Alabama lawmakers advanced legislation Wednesday to ensure President Joe Biden will appear on the state's November ballot, mirroring accommodations made four years ago for then-President Donald Trump. Lyndon Johnson, Harry Truman, and Abraham Lincoln were all left off Alabama’s President Ballot.

Legislative committees in the Alabama House of Representatives and Senate approved identical bills that would push back the state's certification deadline from 82 days to 74 days before the general election in order to accommodate the date of Democrats' nominating convention. That would solve President Biden’s problem.

The bills now move to the full chambers. Alabama has one of the earliest candidate certification deadlines in the country which has caused difficulties for whichever political party has the later convention date that year.

"We want to make sure every citizen in the state of Alabama has the opportunity to vote for the candidate of his or her choice," Democratic Senator Merika Coleman, the sponsor of the Senate bill, told the Senate Judiciary Committee.

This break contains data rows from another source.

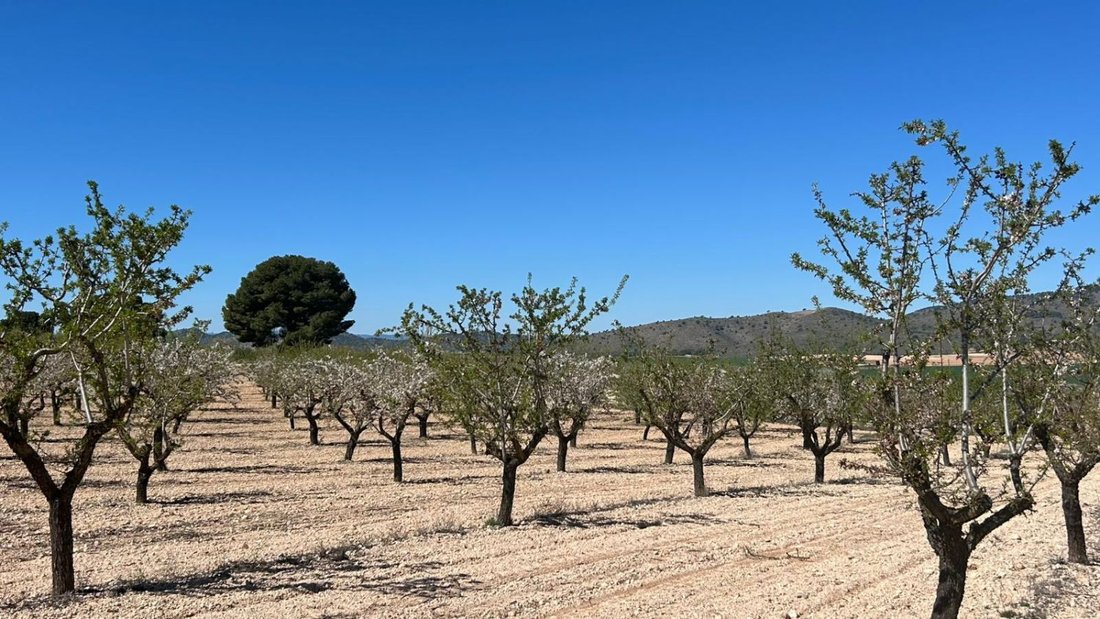 Azienda agricola a Tobarra, Castiglia-La Mancia, Spagna 4 - 18269646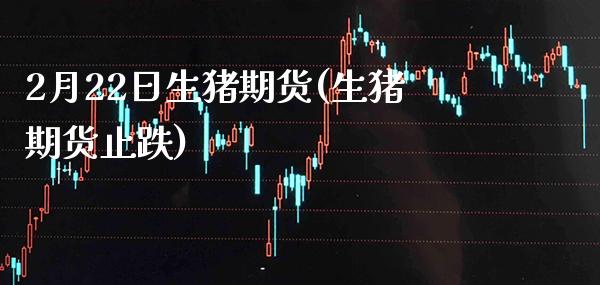 2月22日生猪期货(生猪期货止跌) (https://www.njaxzs.com/) 黄金期货 第1张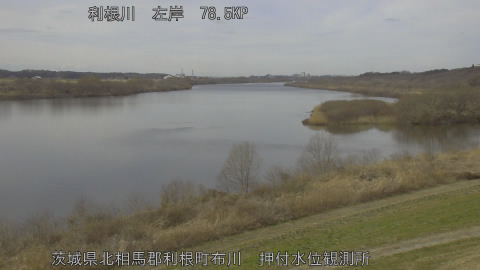 tonos2026022713_image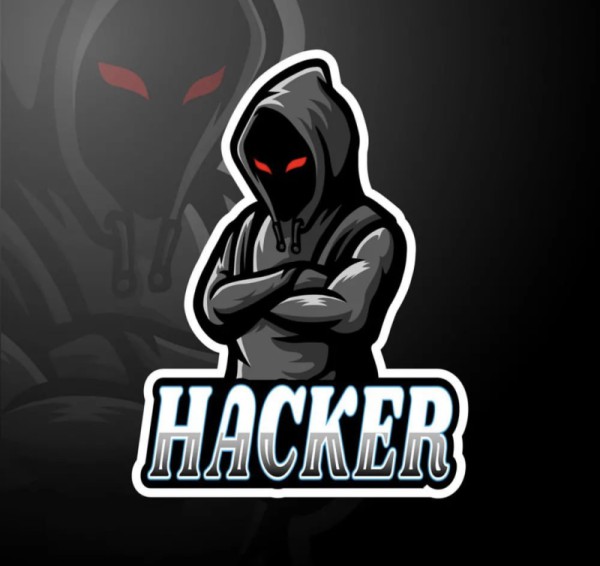 Hacking Expert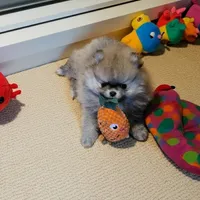 processed/88d7dab5-b272-4f49-bf88-119624c1536f/facility/5bdc637d-b77f-490d-ba59-e25ec7776ab0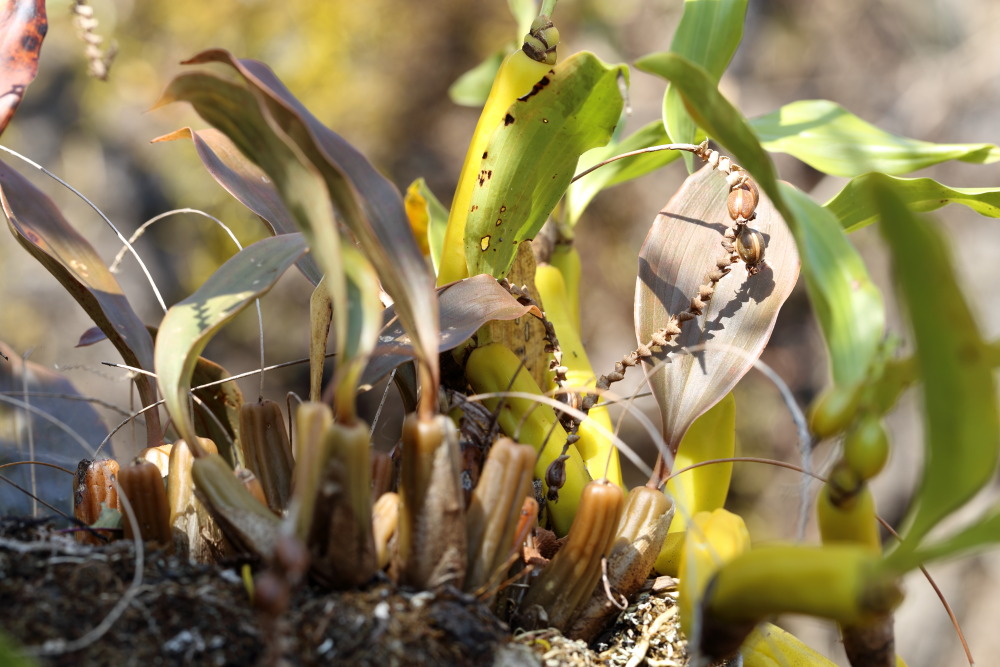 Lokation: Thailand | Chiang Mai | Fang | Ban Luang Kategorien: Habitus, Datum: 18.02.2016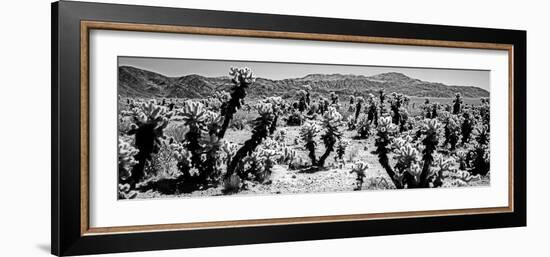 Cholla cactus in Joshua Tree National Park, California, USA-null-Framed Photographic Print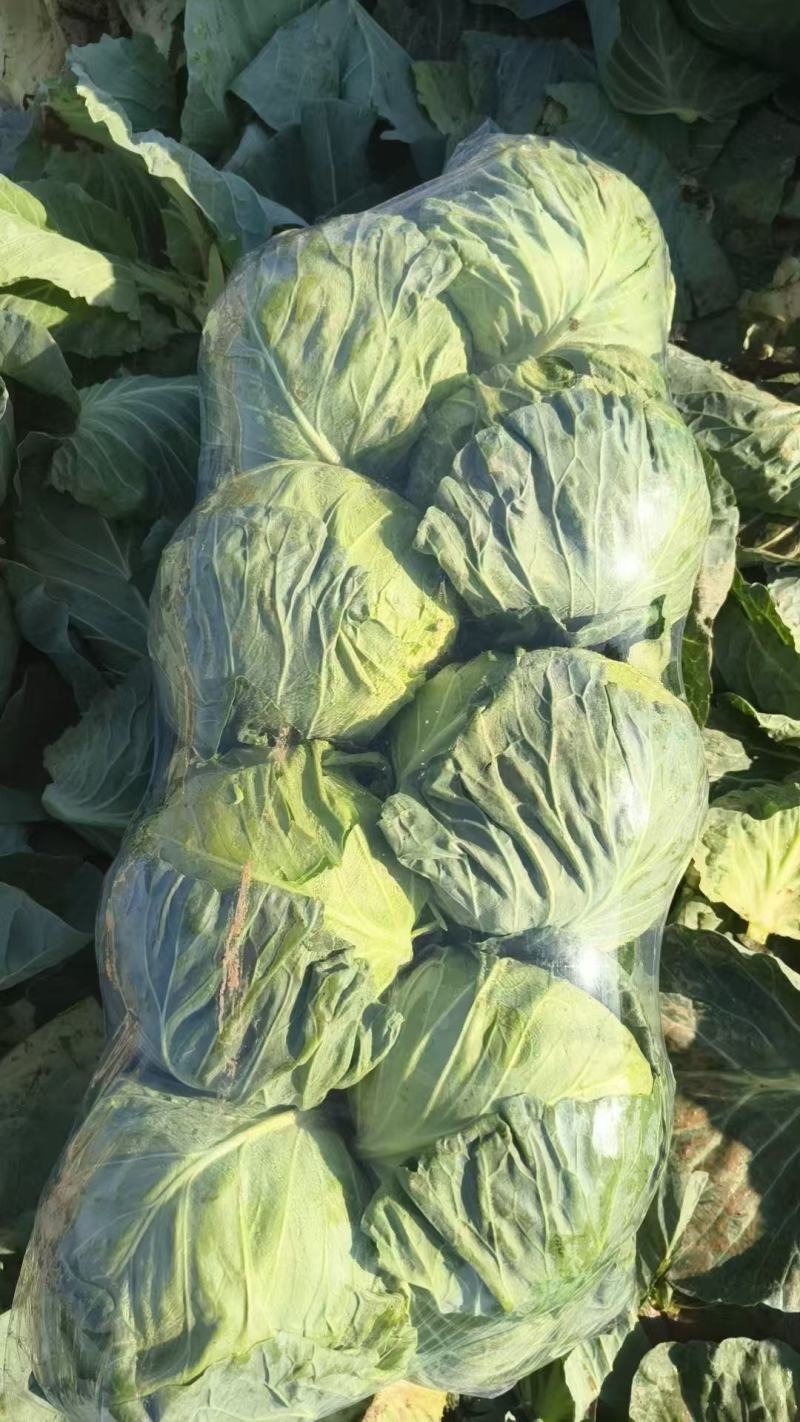 邯郸精品甘蓝无根产地发货货源稳定，品质保障欢迎电话看货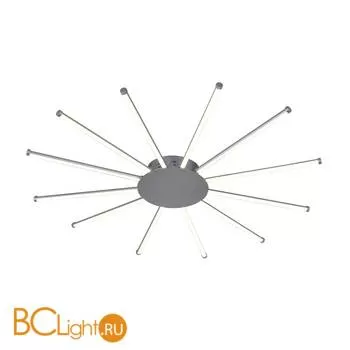 Потолочный светильник Favourite Aster 2379-12U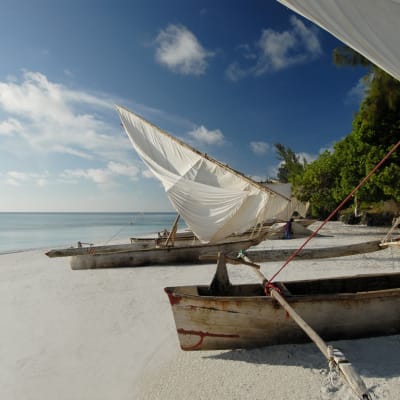 Mehrere kleine Boote mit Segeln sind an einem weißen Sandstrand verankert, in der Nähe grüner Bäume, unter einem bewölkten Himmel.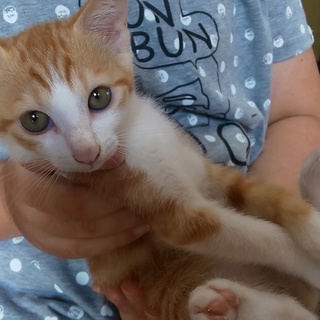 生後２、３ヶ月の男の子！！ 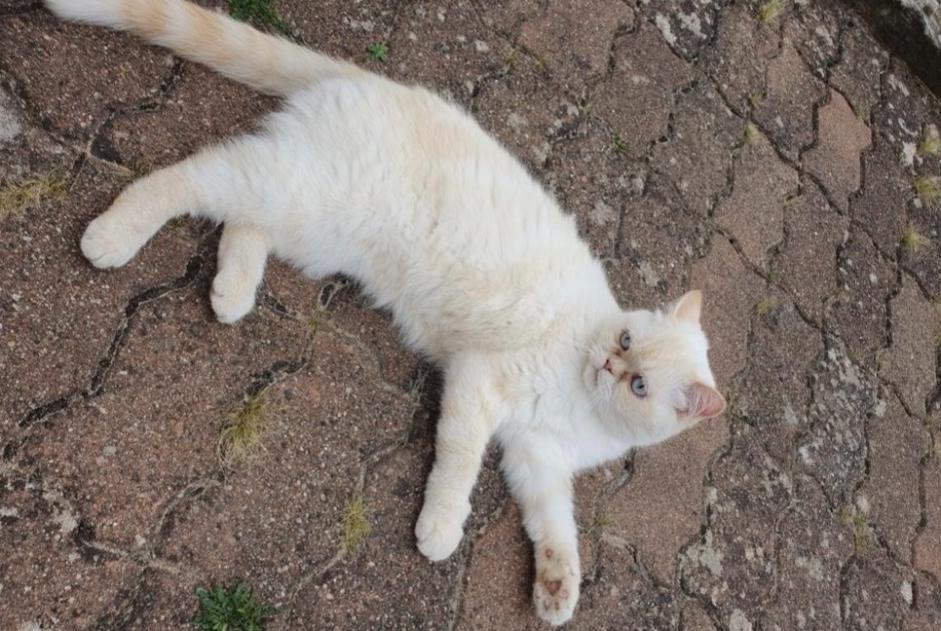 Alerte Disparition Chat  Femelle , 4 ans Bléré France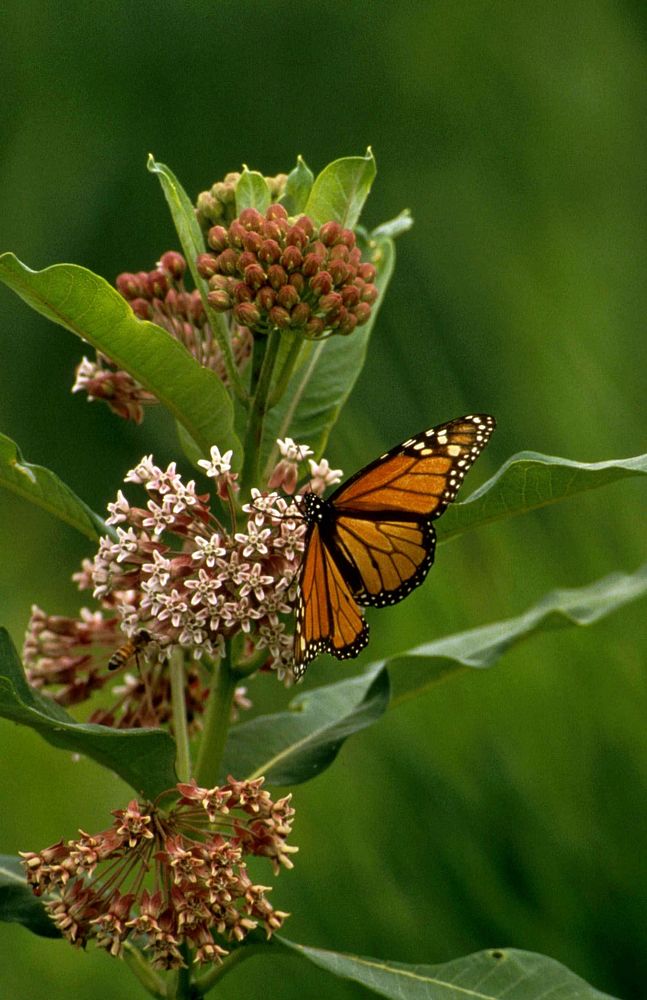 Free monarch butterfly image, public domain animal CC0 photo.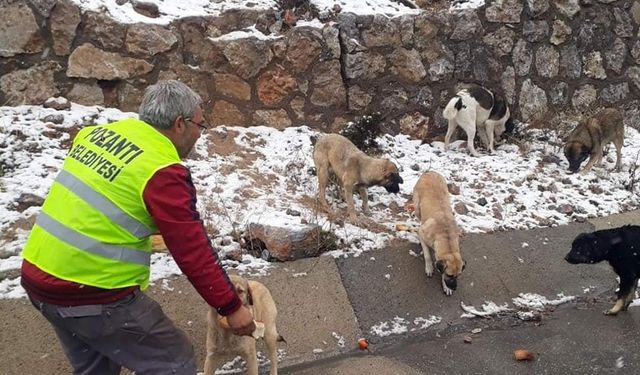 Pozantı Belediyesi Sokaktaki Canları Unutmadı
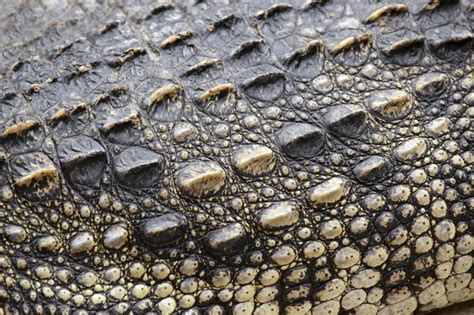 crocodile skin meaning
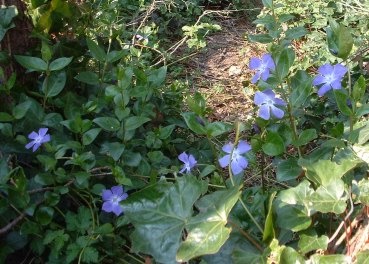 Greater Periwinkle - Vinca major, click for a larger image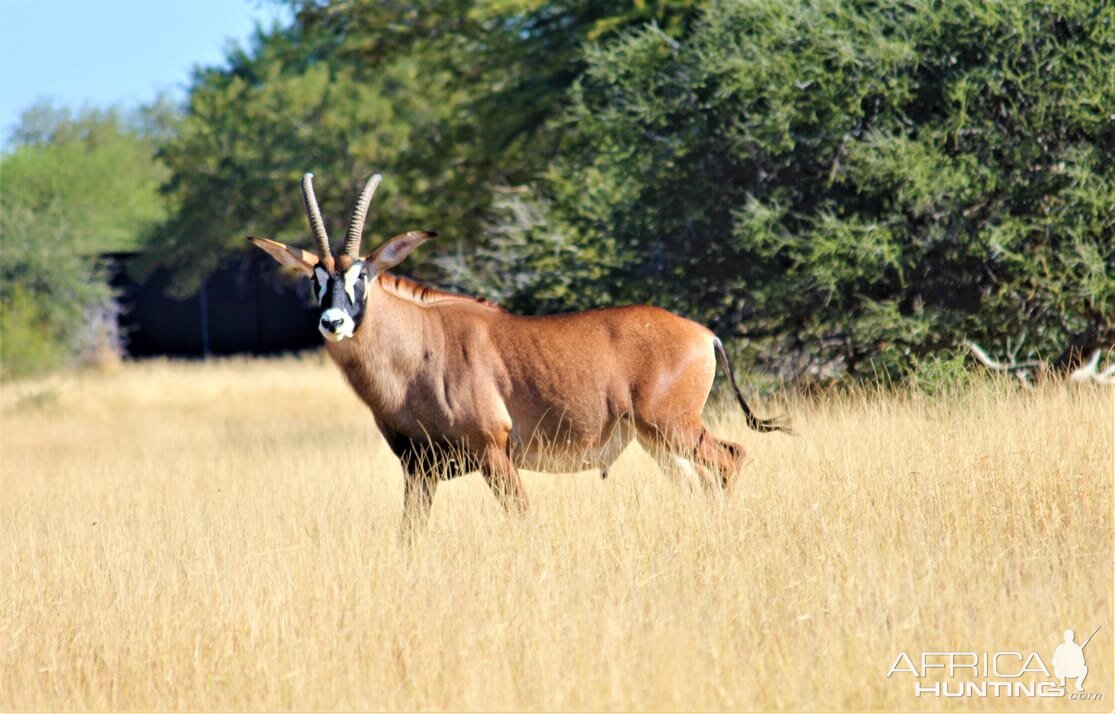 Roan Antelope South Africa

The issue of Biden's ballot access has arisen in Alabama and Ohio as Republican secretaries of state warned that certification deadlines fall before the Democratic National Convention is set to begin on August 19th. The Biden campaign has asked the two states to accept provisional certification, arguing that has been done in past elections. The Republican election chiefs have refused, arguing they don't have authority, and will enforce the deadlines.

Democrats proposed the two Alabama bills, but the legislation moved out of committee with support from Republicans who hold a lopsided majority in the Alabama Legislature. The bills were approved with little discussion. However, two Republicans who spoke in favor of the bill called it an issue of fairness.

Republican House member Bob Fincher, chairman of the committee that heard the House bill, said this is "not the first time we've run into this problem" and the state made allowances.

"I'd like to think that if the shoe was on the other foot, that this would be taken care of. And I think that Alabamians have a deep sense of fairness when it comes to politics and elections," Republican Sen. Sam Givhan said during the committee meeting.

Trump faced the same issue in Alabama in 2020. The Republican-controlled Alabama Legislature in 2020 passed legislation to change the certification deadline for the 2020 election. The bill stated that the change was made "to accommodate the dates of the 2020 Republican National Convention." However, an attorney representing the Biden campaign and DNC, wrote in a letter to Alabama Secretary of State Wes Allen that it was provisional certification that allowed Trump on the ballot in 2020, because there were still problems with the GOP date even with the new 2020 deadline.

APR previously reported three other examples where Alabama did this. The New York Times reported in 1964 how the names of President Lyndon Johnson and his running mate Hubert Humphrey of Minnesota failed to appear on Alabama’s ballot. Critics of the State point to LBJ’s signing of the U.S. Civil Rights Act that same year. Time Magazine reported in 1948 how President Harry Truman was denied inclusion on Alabama's ballot. That was also the year the President ordered the desegregation of the U.S. Military. The National Park Service website explains Abraham Lincoln also did not appear on Alabama’s Presidential ballot in 1860. The NPS says the states of Alabama, Arkansas, Florida, Georgia, Louisiana, Mississippi, North Carolina, South Carolina, Tennessee, Texas, and Virginia did not cast votes. Those States upheld Jefferson Davis as President of the Confederacy.